Comunque non pervenuto.
Ti non-scrivo qui. Guardarti mi fa venire un sorriso ebete, lo ammetto. Cercarti mi fa sentire stupida e questo non va bene. Avere a che fare con te è come fare una doccia gelata e bollente insieme. Non ci si può regolare. Ma nei rari momenti in cui arriva la temperatura giusta, cazzo è proprio perfetta e quegli attimi sono spettacolari.
Per questo non mi perito.
Non sono una zia (auntie). Non ti ho comprato niente stavolta. Ho dichiarato le mie intenzioni e i miei desideri. I miei limiti sono evidenti. I miei difetti li hai elencati tu. Anche i pregi. Gelata e bollente. Non ce la puoi fare. Hai già previsto come andrà a finire. Sarà meglio non darti torto.

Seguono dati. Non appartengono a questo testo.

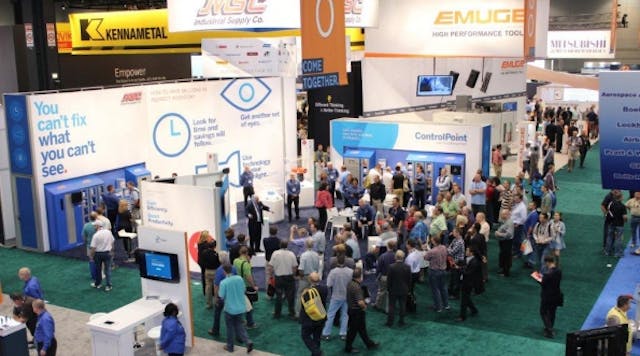 Attendees at the 2014 IMTS trade show crowd the booth of MSC Industrial Supply, a company with deep roots in metalworking and manufacturing.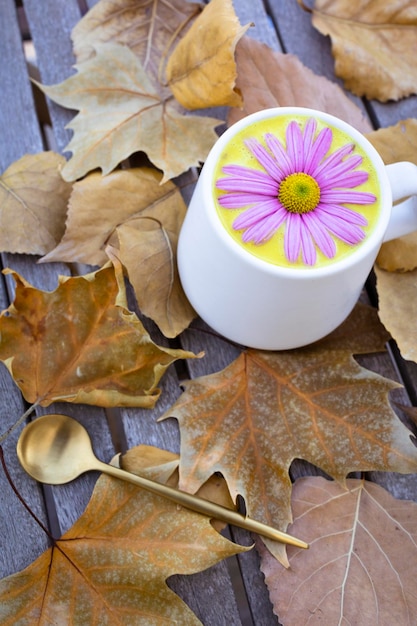 Latte dorato in una tazza bianca decorata con una margherita rosa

Perché non dev'essere una sfida, dev'essere una passeggiata. O non essere.
Ma io non sono capace di andare piano, me l'ha ridetto anche stasera la persona più saggia capace di starmi vicina in questa fase. Non correre. E io corro. Non correre. E io corro. E allora saranno turbolenze e temperature sregolate, in linea coi tempi che comandano doppie stagioni (altro che mezze).
È che ora che sono arrivata a casa e sono stanca avrei molto bisogno di una serie di cose, la cui mancanza mi fa sentire vuoto intorno e vuota un po' anche dentro. Domani, dopo dormito, andrà meglio. Ai prossimi cinque o dieci chilometri di corsa, invece, andrà direttamente bene.